Аспект белее смерти (СИ) - Корнев Павел Николаевич (лучшие книги .TXT, .FB2) 📗
Кто-то из мелких вскочил со своего места и бросился прочь, Лука едва успел ухватить и рывком за ногу повалить мальчишку на пол. Он не потерял головы, и мне стало невыносимо стыдно, аж передёрнуло всего.
Это ведь всё из-за меня! Именно я привлекаю теней! Они слетаются на сияние моего духа!
Я задержал дыхание, не желая втягивать в себя противоестественную стылость, но, сколько ни терпел, внутреннее свечение и не думало затухать. И тогда вспомнились упражнения в подвале часовни — вспомнилось, как вбирал тепло, чтобы сразу вытолкнуть его из тела.
Вытолкнуть!
Усилием воли я выбросил из себя стылость, а ещё попытался мысленно отгородиться от неё вовсе, чтобы уже точно не втянуть при следующем вдохе. Светящаяся волна вырвалась из меня и рассеялась в полумраке комнаты, сработал и воображаемый барьер — когда потянул в себя через судорожно стиснутые зубы воздух, меня не продрало стылостью, а внутреннее сияние не разгорелось с новой силой и продолжило понемногу угасать.
Вот так, черти драные! Вот так!
Кольцо теней разомкнулось, приблудные духи бестолково заметались по комнате, огоньки свечей вновь начали плеваться длинными искрами. Тишина сгинула, и комната взорвалась криками, визгами, воплями и плачем, но всё это перекрыл яростный рык Луки:
— Сидеть! — Он отвесил оплеуху одному, влепил пощёчину другому, и тут же его примеру последовал Хват. Порядок они навели — вмиг.
Я с места не сдвинулся. Я едва сдерживал дрожь и пытался очистить тело от сияния, пытался — и окончательно вытравить из себя остатки небесной энергии не мог. Приблудные духи потеряли меня из виду, но не уносились прочь, а метались в поисках путеводного огня.
Они чуяли добычу. Чуяли меня.
По лицу катился солёный пот, спина взмокла, сердце колотилось, словно бежал наперегонки с лошадью, мысленный барьер — выдуманный или реальный, не важно! — давил тяжким грузом, в голове шумело.

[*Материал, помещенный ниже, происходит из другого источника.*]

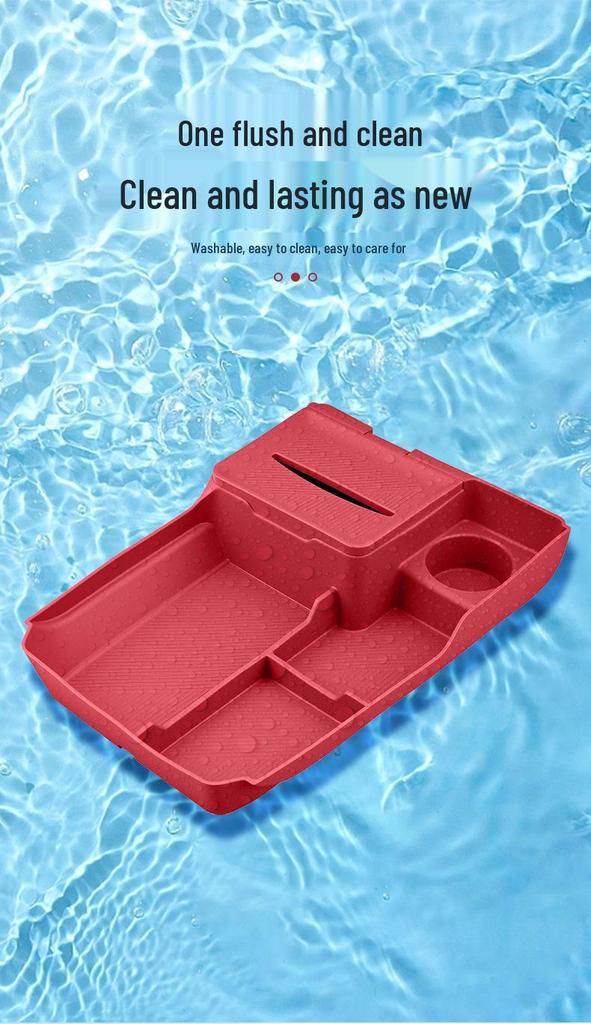 AITO New M7 M8 Center Console Storage Box Organizer Silicone Mat - Car Interior Upgrade.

Снова накатил дикий ужас, и я едва не утратил самоконтроля, но всё же совладал с паникой и продолжил размеренно дышать, стараясь не втягивать в себя отравившую комнату стылость, а её случайно захваченные крохи без промедления выталкивал обратно, заодно пытался сделаться невидимым и незначительным. Перестать существовать.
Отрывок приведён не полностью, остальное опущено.